Early appearance of activated CCR4⁺ T_CM in peripheral blood during ART. PBMC samples taken pre-ART and after one month of ART (mo1) were analyzed to investigate co-expression of CCR4, HLA DR, ICOS, and PD-1 on CD4⁺ T cells, as well as whether these phenotypes coincide with the T_CM subset. (A) Frequency of CCR4⁺ cells within HLA-DR⁺, ICOS⁺, and PD-1⁺ cells. (B) Frequency of HLA-DR, ICOS, or PD-1 expressing CCR4⁺ cells. Expression of Th subset-defining chemokine receptors on CCR4⁺ (C) or non-naïve (D) CD4⁺ T cells. (E) Differentiation pattern of CCR4⁺ cells. Differentiation indices (DI; medians and interquartile ranges) are indicated below each pie. (F) Expression of Th subset-defining chemokine receptors on T_CM cells. (G) Proportion of CCR4⁺ T_CM and CCR4⁻ T_CM over time. (H) Expression of the proliferation marker Ki67 in CCR4⁺ T_CM and CCR4⁻ T_CM over time.

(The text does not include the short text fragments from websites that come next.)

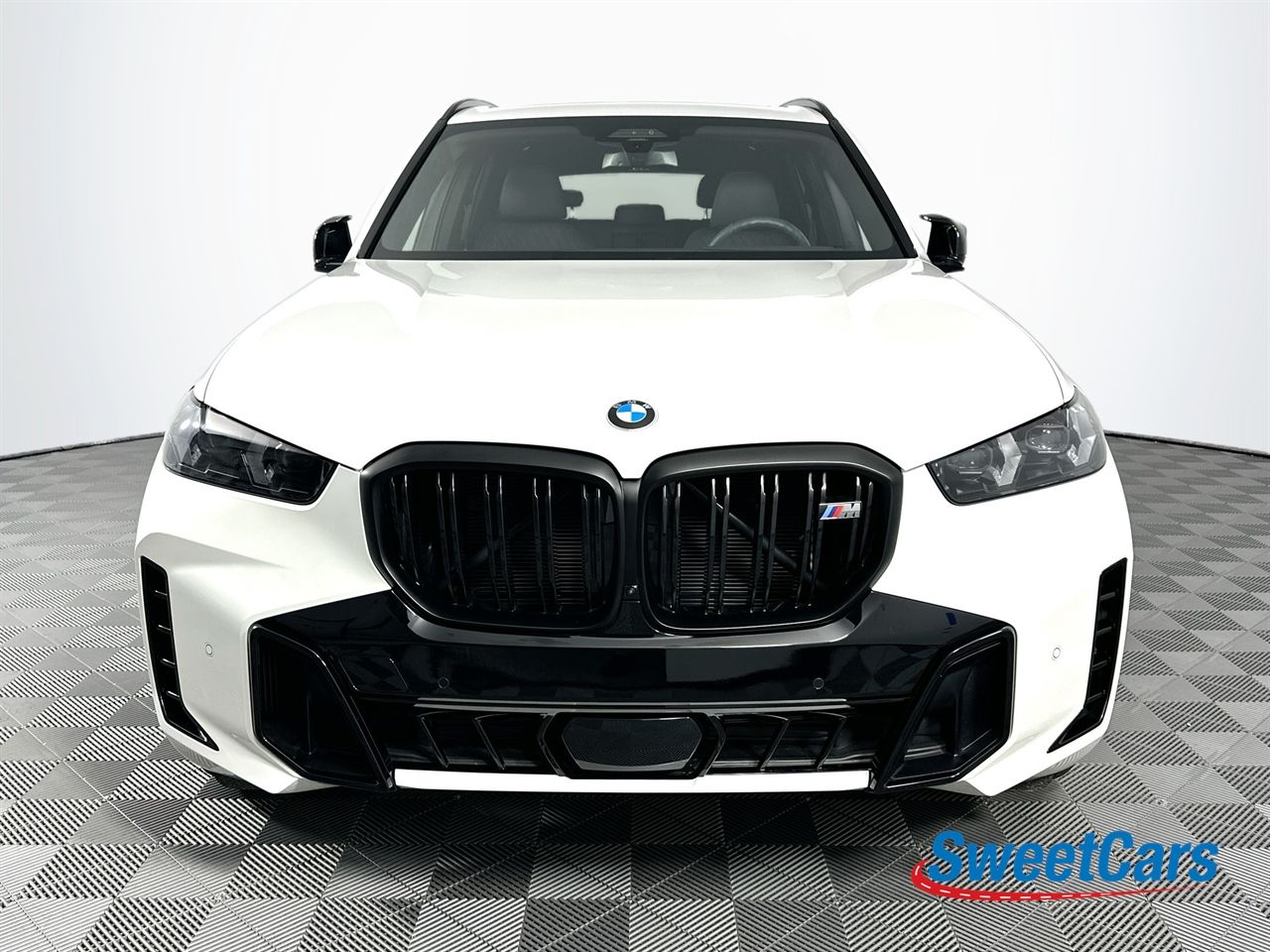 2025 BMW X5 M60i's photo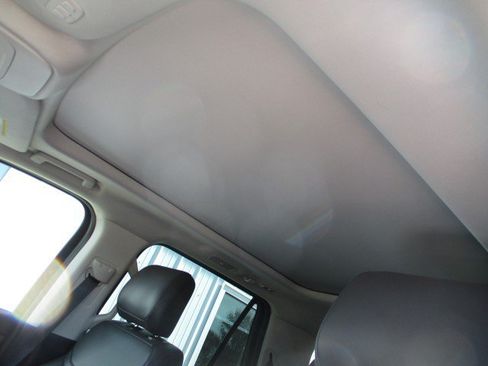 Used 2025 Ford Expedition Active AWD/4WD image 12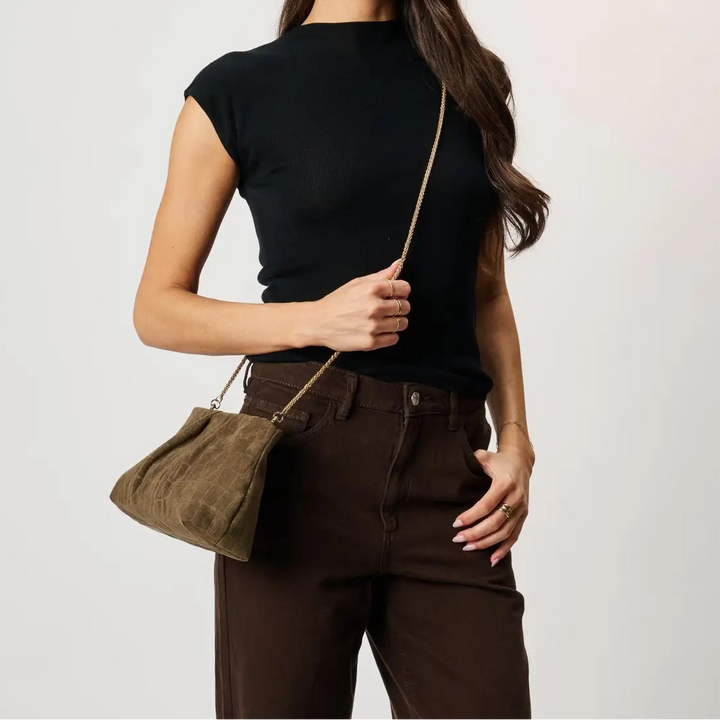 Elva Clutch in Olive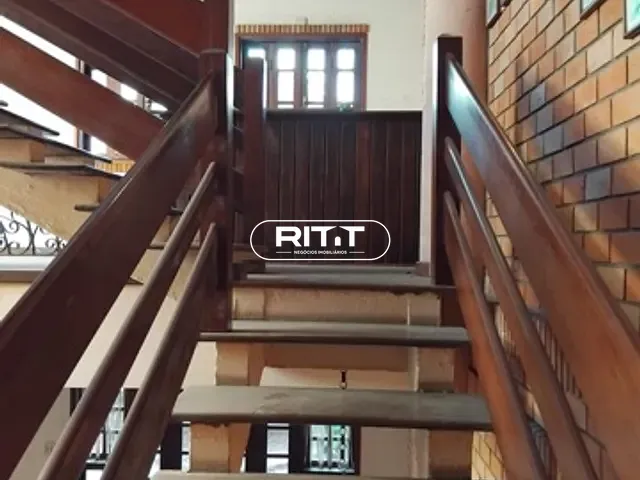 Casa com 433m² 6 quartos e 6 banheiros, à venda, no bairro Vila Embaré em Valinhos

Bar graphs show interquartile ranges, median bars, as well as individual data points. The interquartile range of given phenotypes (orange areas in bar charts) or average distribution patterns (pie charts) in healthy donors are shown. Mo1 measurements were compared to corresponding pre-ART values: *P < 0.01, **P < 0.001, ***P < 0.0001.